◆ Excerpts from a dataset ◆
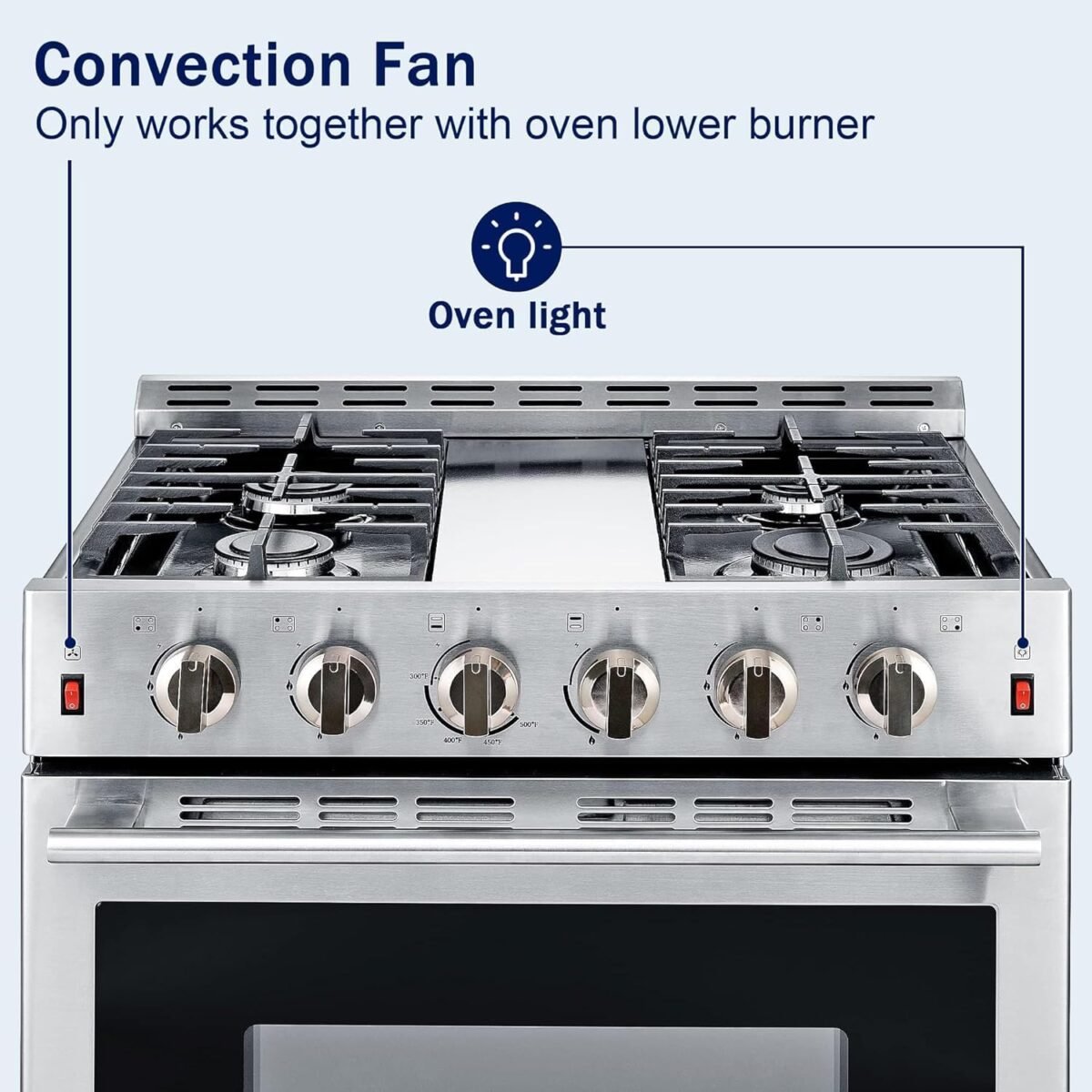 1752249681 30 inch gas range oven gas range stove convection oven stainless steel freestanding 5.56 cu.ft .4 burners 42000btu large 3 layers tempered glass door heavy duty.jpg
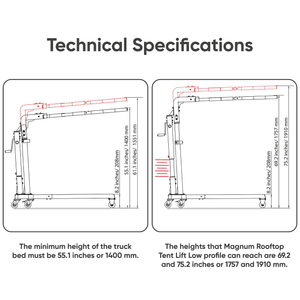 Magnum RTT Lift (Low-Profile)
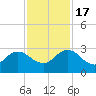 Sherwood Forest tide chart for Thursday, November 17, 2022
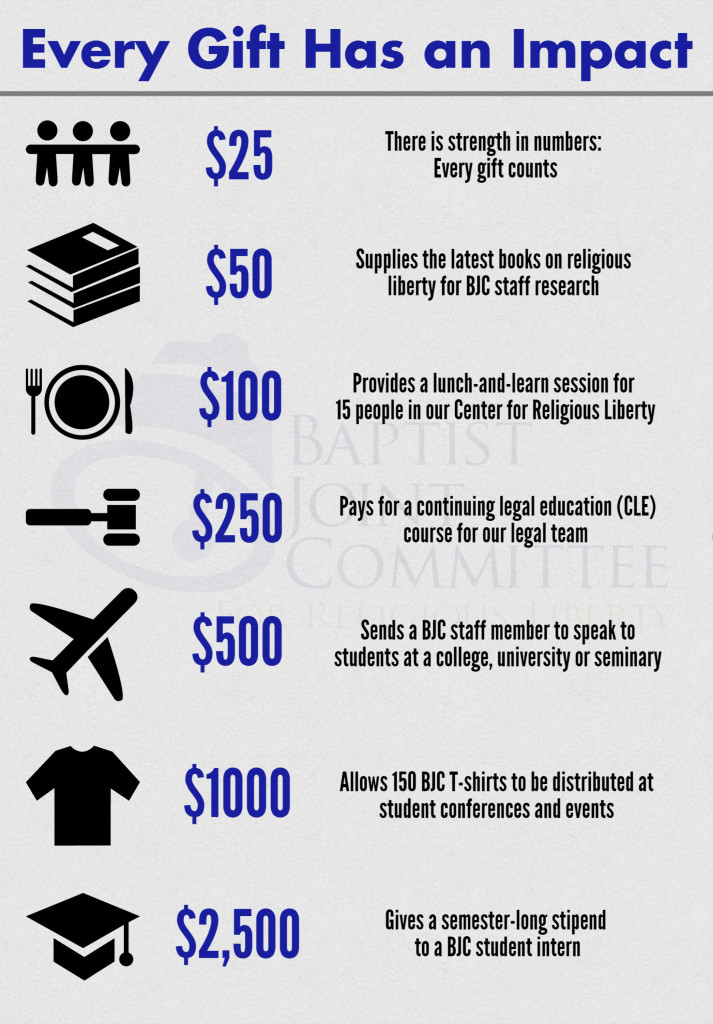 Gift Impact-1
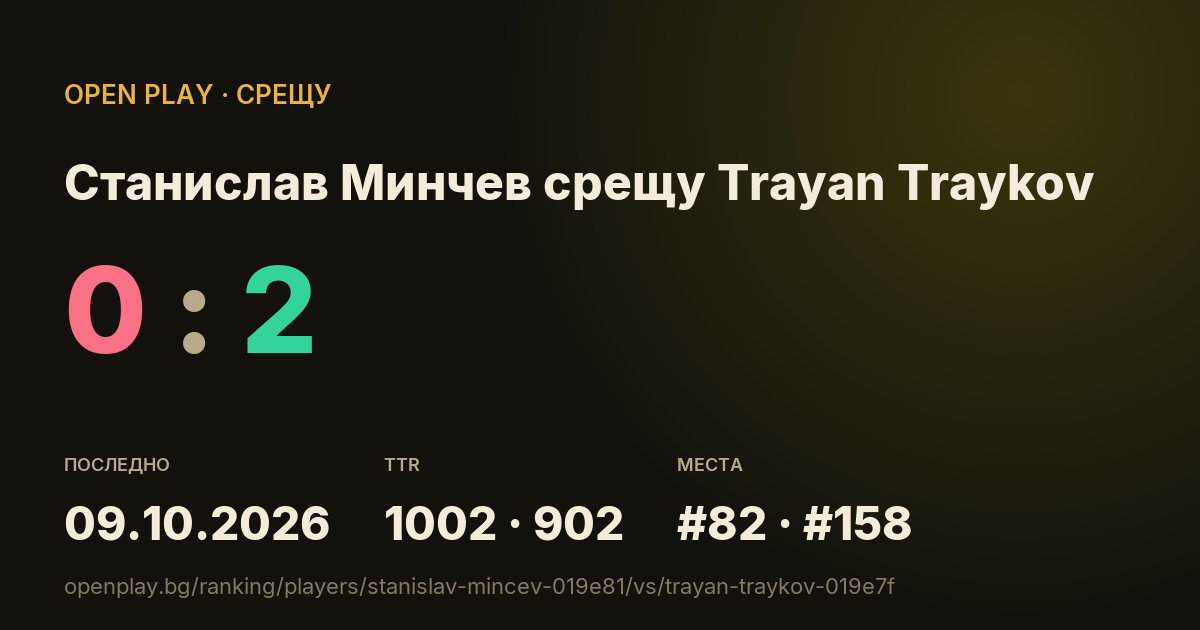 Станислав Минчев срещу Trayan Traykov в OPEN PLAY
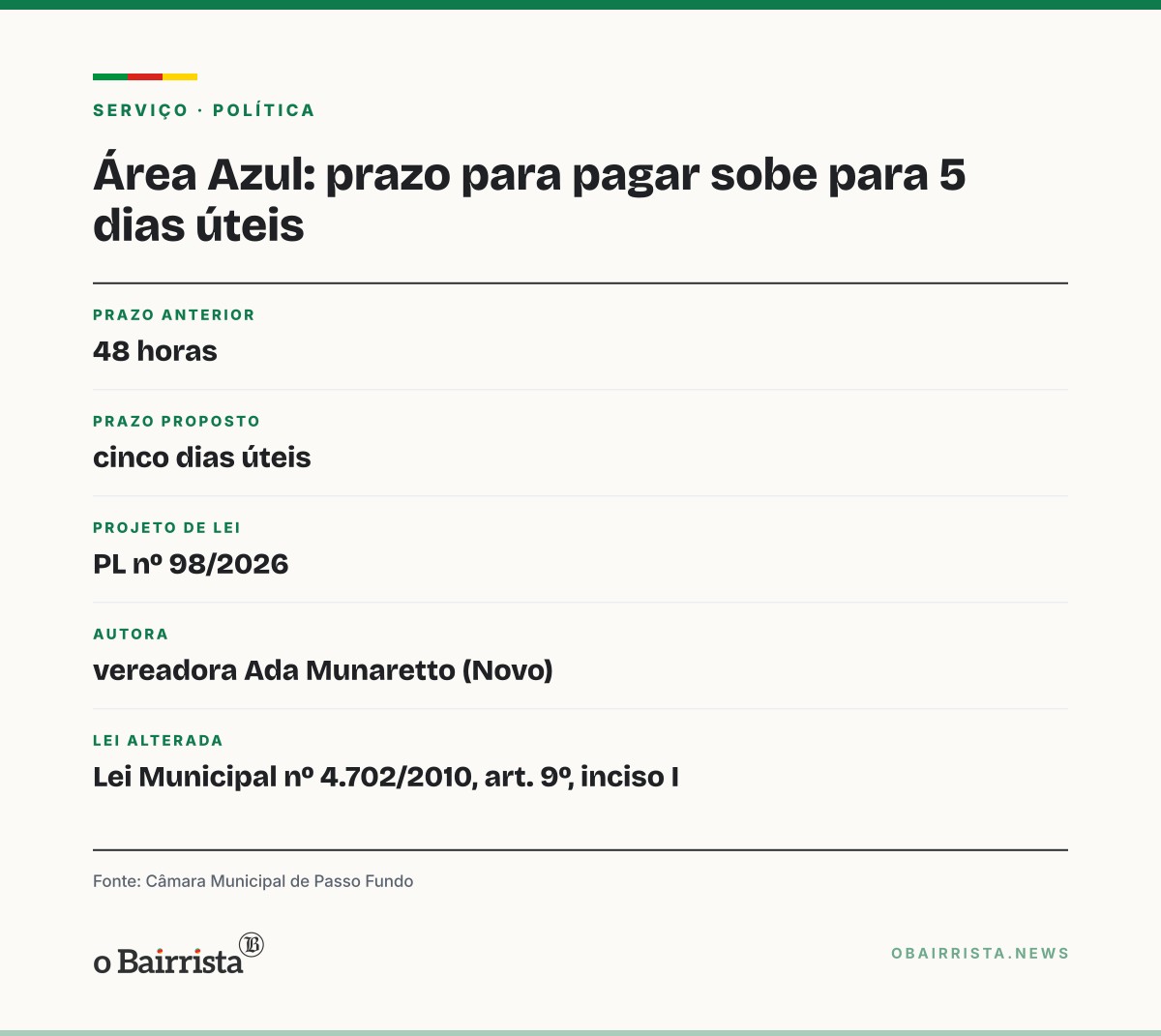 Quadro: Câmara de Passo Fundo aprova prazo de cinco dias úteis para pagar a Área Azul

◆ Work to be completed ◆
Pictures stay out; the entries above are to be output exactly as given.

◆ Result of the task ◆
 1752249681 30 inch gas range oven gas range stove convection oven stainless steel freestanding 5.56 cu.ft .4 burners 42000btu large 3 layers tempered glass door heavy duty.jpg
 Magnum RTT Lift (Low-Profile)
 Sherwood Forest tide chart for Thursday, November 17, 2022
 Gift Impact-1
 Станислав Минчев срещу Trayan Traykov в OPEN PLAY
 Quadro: Câmara de Passo Fundo aprova prazo de cinco dias úteis para pagar a Área Azul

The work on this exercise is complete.